“Love must be without hypocrisy. Detest evil; cling to what is good. Show family affection to one another with brotherly love. Outdo one another in showing honor. Do not lack diligence; be fervent in spirit; serve the Lord.” (Romans 12:9-11 HCSB)
By now, you have probably realized that I believe this idea of “thinking differently” is a major theme of the remaining chapters of Paul’s letter to the Romans. My intent is to help you realize that Paul wants us to think differently about each of the practical aspects of living life in relationship with Jesus. As we give ourselves in living sacrifice to God, we must resist being conformed to our culture and, instead, be transformed in our minds (how we think and reason) in relation to Christ – transformed in how we think. When we think differently, we act differently, we value things differently, we respond to others and to crises differently. Why? Because we are different. Christ is transforming us from what we were into what we are meant to be and that includes how we think about love and how we act lovingly.
Love is one of those things that has billions of interpretations and expressions. Each of us takes this innate, God-given need we have to love and be loved and we define it to suit ourselves. We think we decide what love looks like, acts like, and longs for in our own lives. Today, this takes on the form of our culture’s cry of “Love is Love.” In their minds, NOBODY gets to define who, what, why, where, when or how you express love. Nobody that is, except you.
But that model flies in the face of Christian belief and Christ’s teaching. In fact, Paul deals with it first and foremost in our focal passage. Love MUST be without hypocrisy. We shouldn’t pretend or be just be “acting” in our expression of love. Of course, some who would embrace our culture’s view of love would respond, “precisely my point. I shouldn’t pretend to love or be loved in a way that is contrary to my needs or desires. I should be able to love and act on my true feelings. I’m tired of pretending.” But that is precisely Paul’s point. We often “follow our hearts” and do what “feels right” when it is all just our selfish desires and feelings masquerading as love.
Wait, isn’t love really all about our “selfish desires and feelings?” Surely if there’s any feeling that epitomizes selfishness it’s love. Isn’t love all about getting what we want and feel we need? Isn’t it about fulfilling our needs, desires and passions? No, not really. It is at this point where Paul wants to challenge our culture’s call to conformity (if it feels good or satisfies your desires or needs, do it) to Christ’s transforming power (love like God does, selfless – agape). If we are going to love like Jesus does, then it must be genuine and not hypocritical. For love to be genuine and not just “acting” like love then it must be based in truth. True love isn’t selfish, it is selfless. It is sacrificial. It is… well, it is not what our culture considers to be love. I’ll let Paul explain…
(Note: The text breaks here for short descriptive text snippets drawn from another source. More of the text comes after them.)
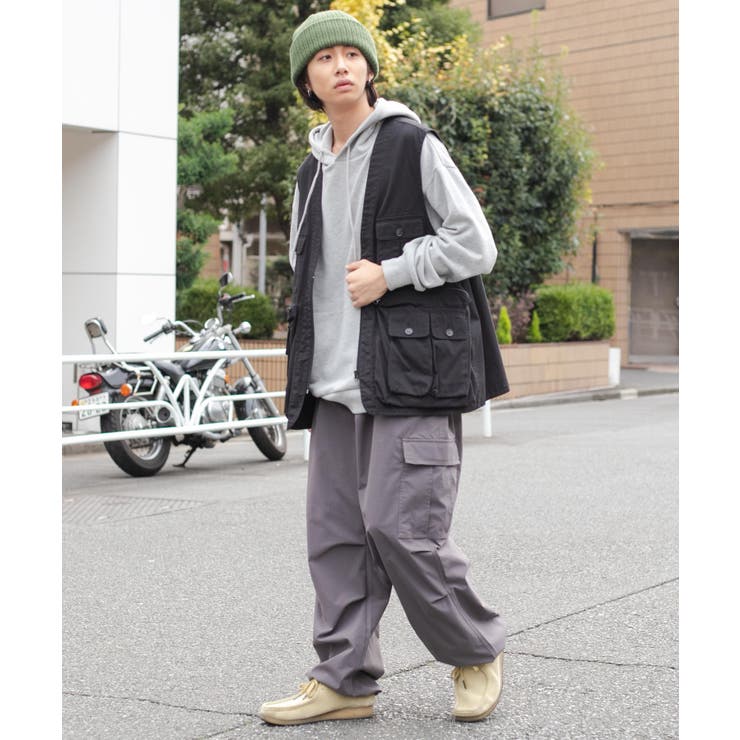 リップストップ カーゴパンツ 韓国 | WEGO【MEN】 | 詳細画像23 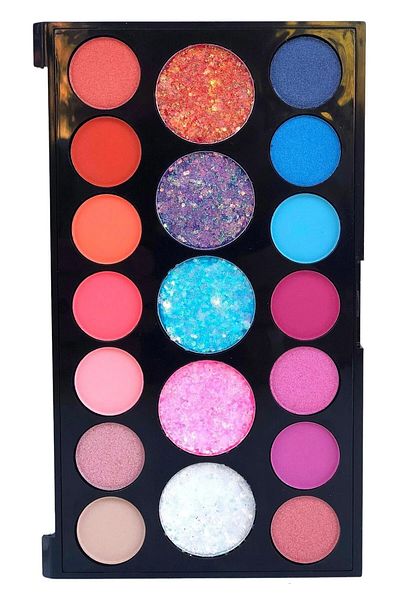 DARWEN Glittered 19-Piece Model Eyeshadow Palette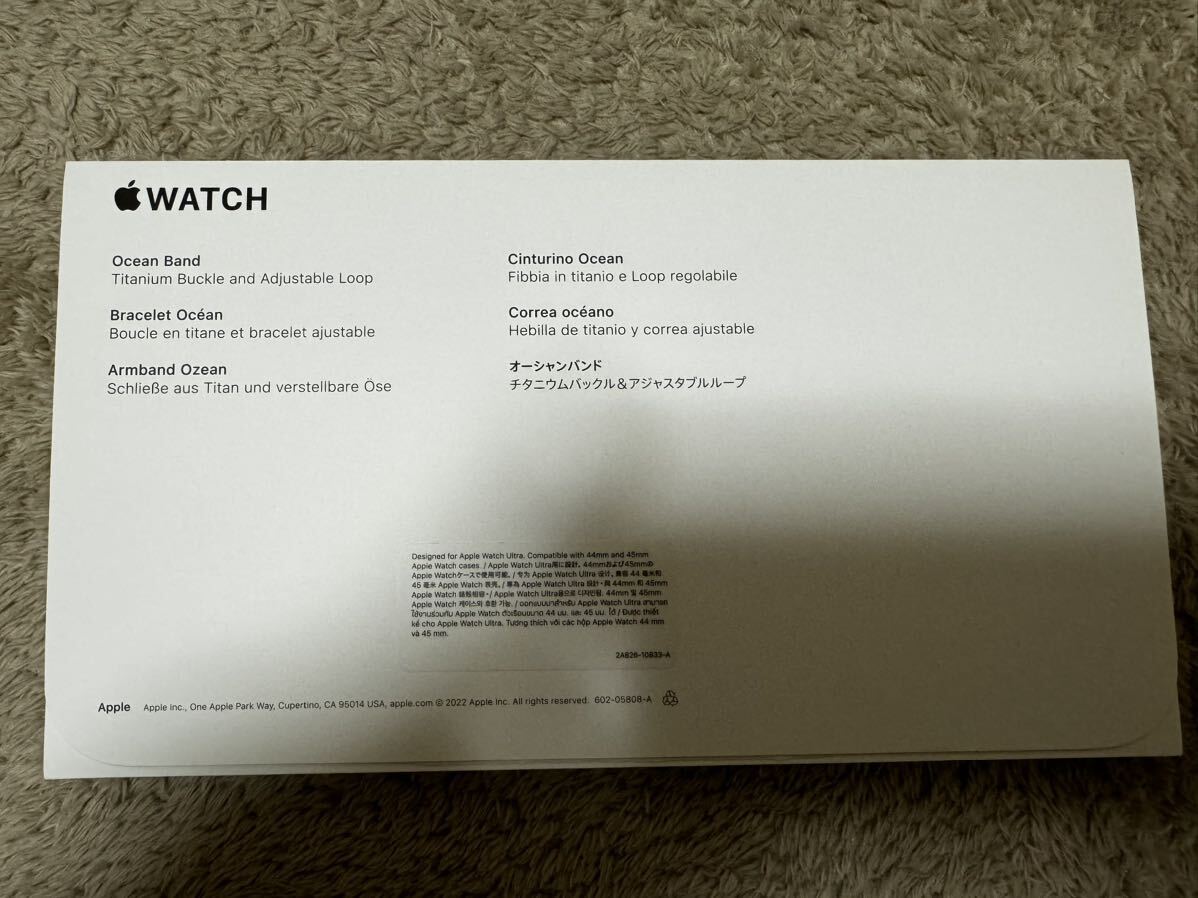 新品同様 美品 Apple Watch Ultra オーシャンバンド ホワイト 白 45mm 49mmの画像4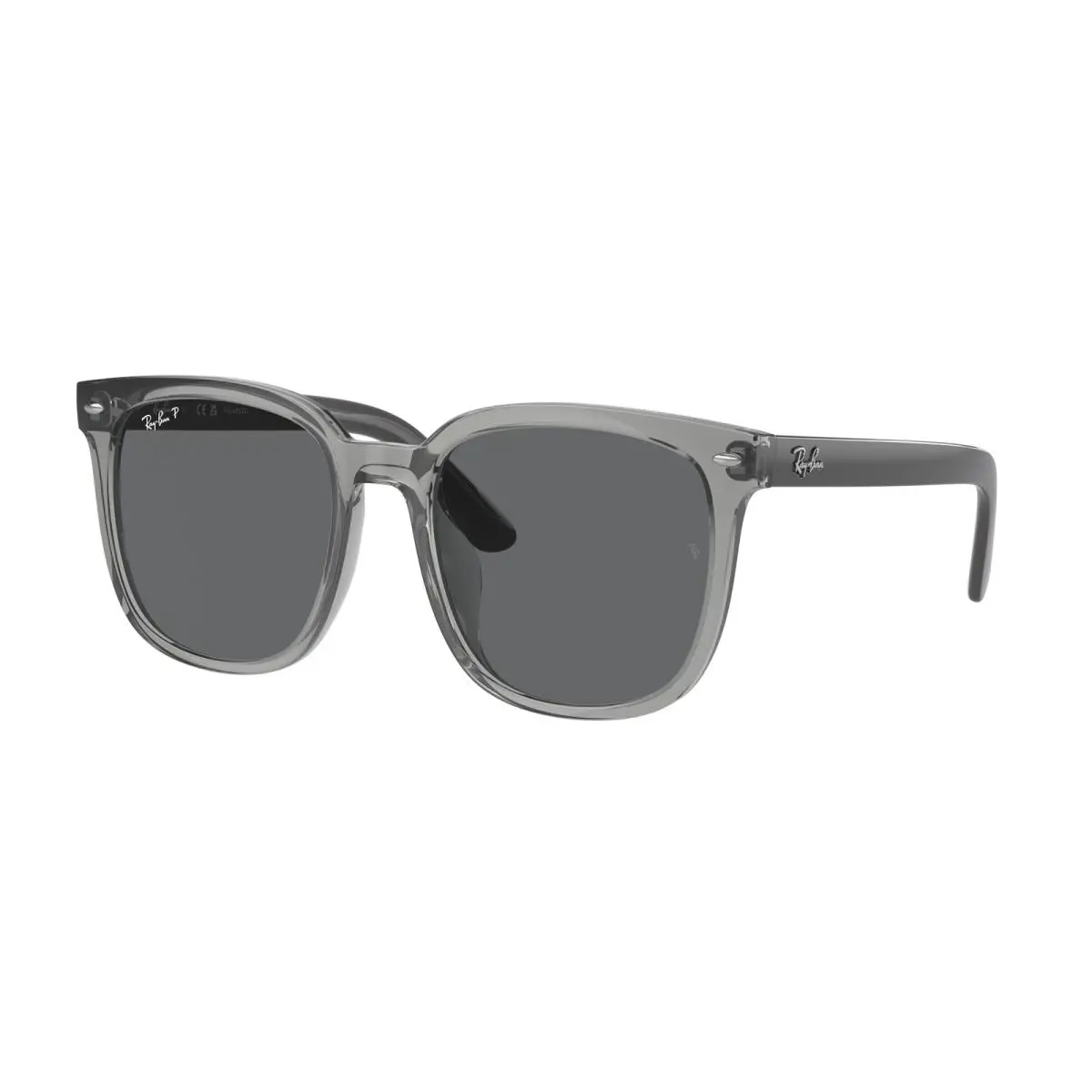 Ray-ban RB 4401D Transparent Grey Dark Grey Pol 659981 Sunglasses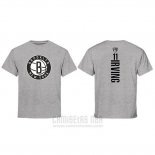 Camiseta Manga Corta Kyrie Irving Brooklyn Nets Gris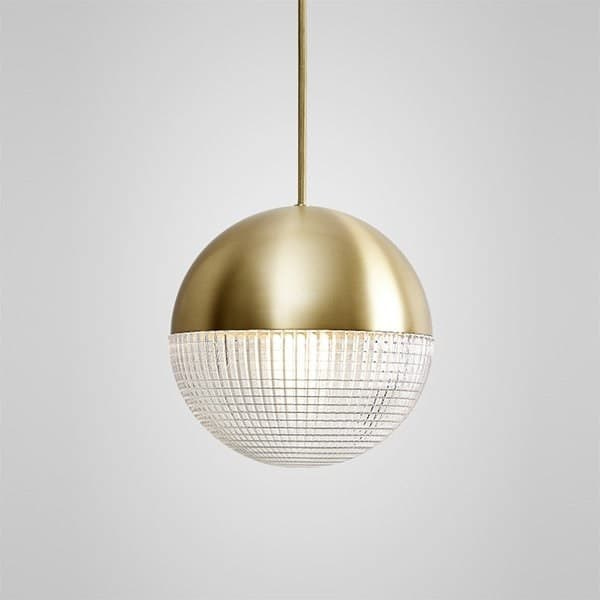 Lens Flair Chandelier 3 Gold в стиле Lee Broom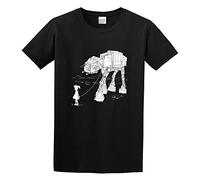 HONGZHENBAO Funny with At At Pet T-Shirt Mens Black Unisex Tees Shirt L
First, love that is without hypocrisy detests evil and clings to what is good. We need to think differently about true love and how that manifests itself in our actions towards others. Our culture often sees love as giving someone else what they need or desire. But true love recognizes that our needs and desires are corrupted by sin and we often seek out those very things that will hurt and destroy us. True love will detest those things and will NOT present them to the one loved (our beloved) as good and satisfying. We know this, we just often forget it. Jesus put it this way, “What father among you, if his son asks for a fish, will give him a snake instead of a fish? Or if he asks for an egg, will give him a scorpion? If you then, who are evil, know how to give good gifts to your children, how much more will the heavenly Father give the Holy Spirit to those who ask Him? ” (Luke 11:11-13 HCSB)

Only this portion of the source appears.